0-Setup

Install R

This workflow was built with R version 4.5.1. To install R for your computer, follow the directions on the R Project website.

Clone this workflow to your preferred directory

This can be done by downloading the source zip file and unzipping the contents into your preferred directory.

Run R

Navigate to the directory you added the workflow to above and launch R via command line.

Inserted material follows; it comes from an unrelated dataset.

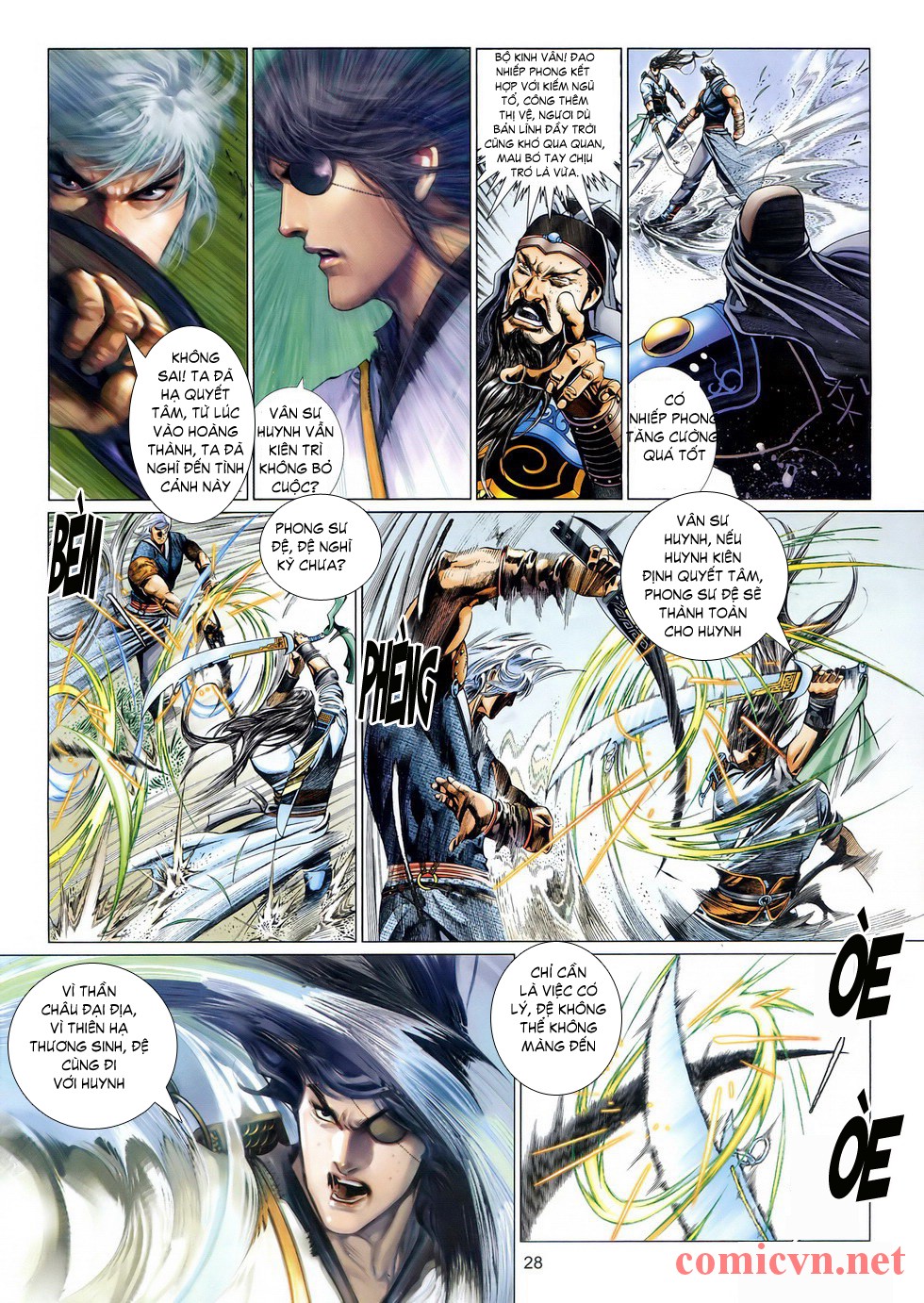 phong vân chapter 542 27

In bash or zsh, this can be done with the following commands, substituting your/preferred/directory with the directory path.

cd your/preferred/directory
R

Install `renv`, create the virtual environment from the `renv.lock` file, and install dependencies

Now we can begin setting up our workspace and installing dependencies using renv. renv sets up isolated package libraries called virtual environments similar to python’s venv. It’s best practice to use a dedicated virtual environments for each project. However, in order to set up a virtual environment, we need to first install renv on the system library.

install.packages("renv")
renv::init(bioconductor = TRUE)

This workflow requires the following packages and their dependencies:

Cardinal
dplyr, tibble, tidyr, and ggplot2
data.table
fuzzyjoin
patchwork, ggpubr, ggrepel
lmerTest, nlme
emmeans

renv will automatically detect the renv.lock file in the main directory, which will tell it to install the packages above and their dependencies. To commence this process, run the following:

Download data from S3

The original dataset in Bruker .d format can be found on MassIVE via ID number: MSV000094448. Due to some technical issues with MassIVE and .imzML files, we have stored the converted raw files and all intermediates created from this analysis in an public Amazon S3 bucket. Files can be downloaded directly over HTTPS — no AWS account, credentials, or additional software is required.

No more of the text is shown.